== Data provided ==

=-=-=-=-=

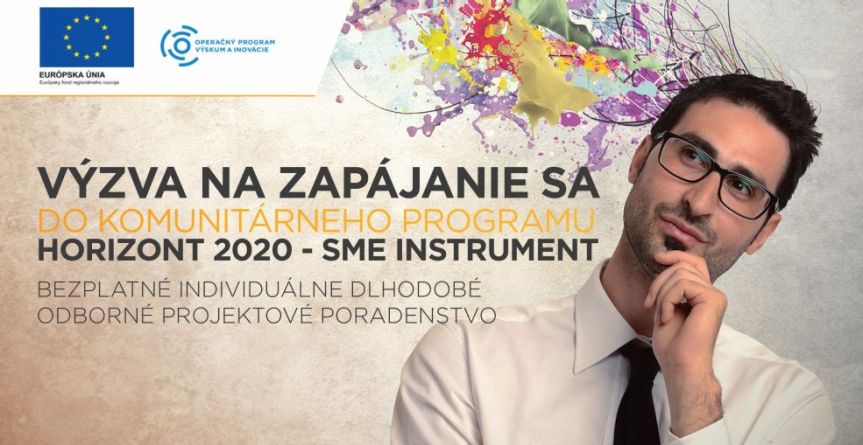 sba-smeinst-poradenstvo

=-=-=-=-=

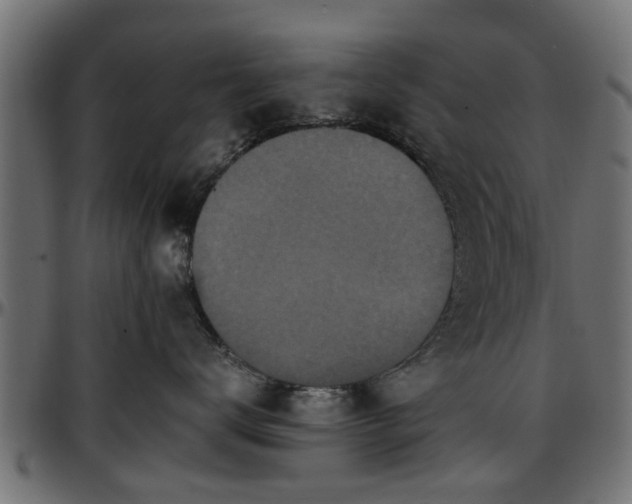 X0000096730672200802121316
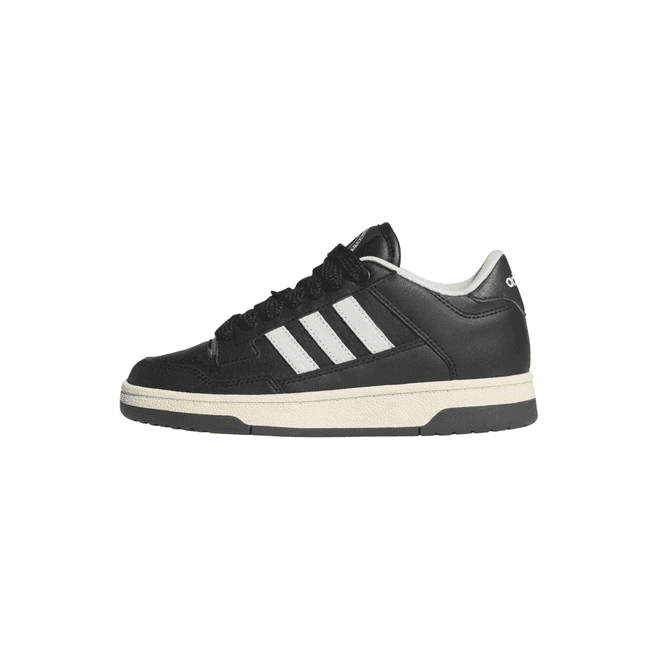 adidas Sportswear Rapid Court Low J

=-=-=-=-=

== Task directions ==
Return exactly the lines above, from the one with "X0000096730672200802121316" up to and including the one with "adidas Sportswear Rapid Court Low J", and include no pictures.

== Solution to this exercise ==
 X0000096730672200802121316
 adidas Sportswear Rapid Court Low J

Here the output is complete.